Asked if he was disappointed with the responses of his party’s old allies such as the Congress to the abrogation of Article 370, Abdullah said that there should have been at least a token resistance because the state’s special status was the legacy of Pandit Jawaharlal Nehru.

“I understand that you don’t want to oppose the revocation, but at least own it. But more than the revocation of 370, I think the thing that disappointed me more was the silence at J&K being humiliated the way it was converted into a union territory (UT). In all the years since independence, this was the first time a state has been downgraded. Otherwise, UTs have always been upgraded to states,” he said.

Abdullah expressed disappointment with Delhi CM Arvind Kejriwal and the Telugu Desam Party (TDP) for not opposing the move to convert J&K into a UT.

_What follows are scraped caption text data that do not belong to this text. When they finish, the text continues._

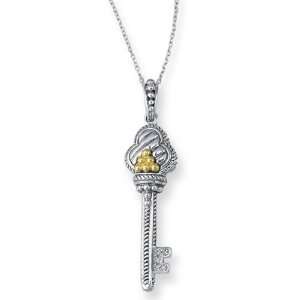  Sterling Silver 14k Gold Key Necklace With Diamonds   18 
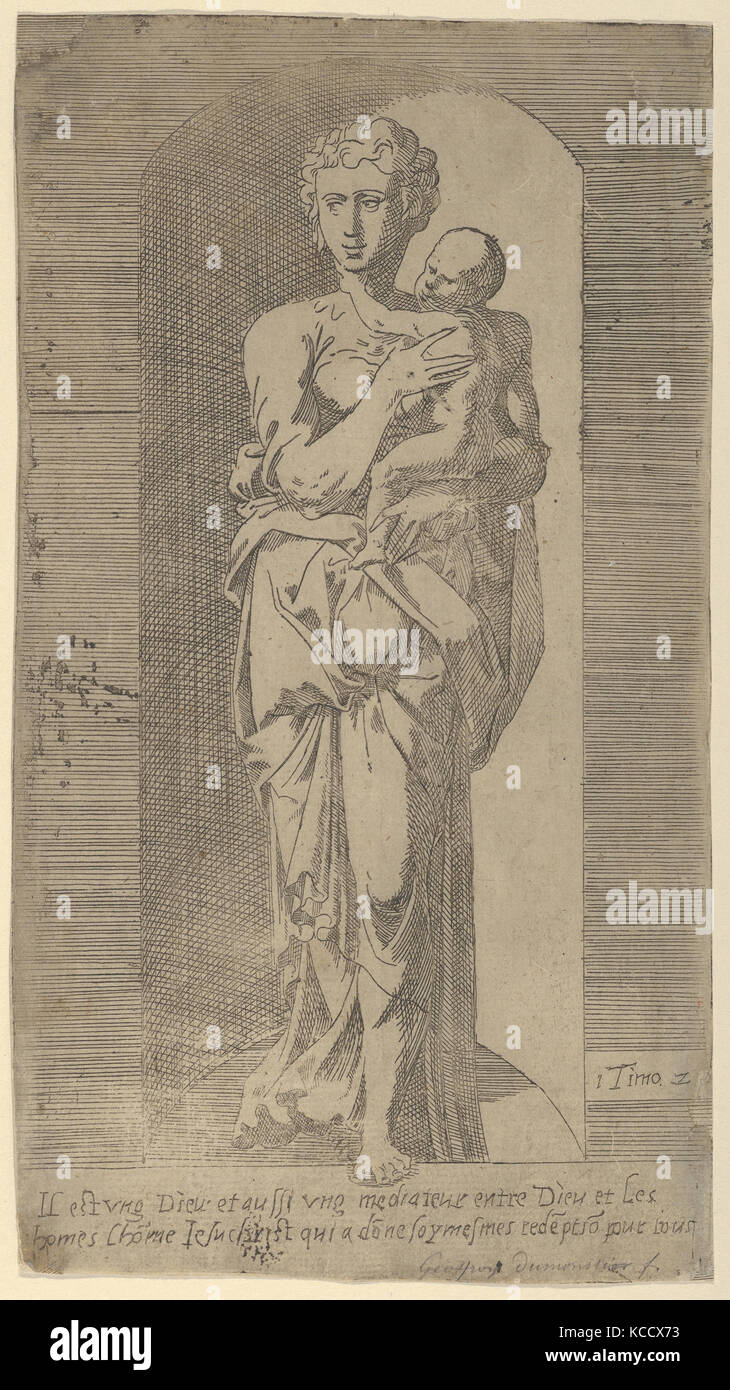 Vierge à l'enfant dans une niche, Geoffroy Dumoûtier, milieu du 16ème siècle Banque D'Images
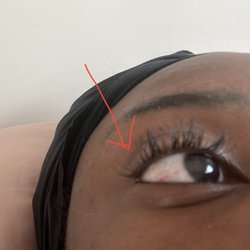 Lost so many lashes at 1 week (see gaps) but my real lashes are still intact, so it's a clear application/durability issue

“My father left his own election to campaign for N. Chandrababu Naidu, and he was one of the first people to jump straight off with the BJP and say, we support you on everything. These are betrayals that I will not forget easily,” he said.

The former CM said the general population in Kashmir is angry about what happened on August 5 but didn’t react the way they did in 2008, 2010, and 2016 because there was a far larger presence of security forces this time.

“Militancy is something you can control. What you can’t do is force the people to feel more Indian than they feel. You can’t force a sense of isolation, bitterness, anger, or a sense of separatism, out of people. And I dare say that in spite of the BJP and their voices in the media patting themselves on the back that the events of August 5 will end separatist sentiment in J&K, I think it will have no such impact. If anything, those who are sitting on the fence are probably feeling more isolated and more separatist than they were before August 5, 2019,” he said.

Abdullah also claimed that after 2014 there has been no engagement with the people of J&K.

The NC leader reiterated that he is unlikely to participate in any electoral politics in J&K till it is a UT.

“My party won’t boycott elections. I’m talking purely about myself. I don’t see myself as a member of the assembly of the UT of J&K. I’ve been CM of one of the most empowered assemblies of this country. I’m not going to be CM of a UT, where, perhaps, I can’t even decide which peon I want to work in my office. That’s not for me,” he said.

Asked about personal regrets in his political career, Abdullah said there were two major incidents, which he wished had been handled differently when he was the J&K CM. He recounted the allegation of rape and murder of two women in Shopian in 2009 and the 2010 summer of discontentment in which over a hundred people had died.

“That continues to haunt me and always will. Besides, my failure was in not being able to convince the Indian government that hanging Afzal Guru is not going to win them any votes in the general election and, in fact, would push J&K back to the fringes. I wasn’t able to convince them, and that is something I will always regret,” he said.

The book features 20 prominent young politicians from different political parties such as Rahul Gandhi, Priyanka Gandhi-Vadra, Jyotiraditya Scindia, Sachin Pilot, Smriti Irani, Akhilesh Yadav, Asaduddin Owaisi, Aaditya Thackeray, Devendra Fadnavis, Milind Deora, Varun Gandhi, Supriya Sule, and Rajyavardhan Rathore.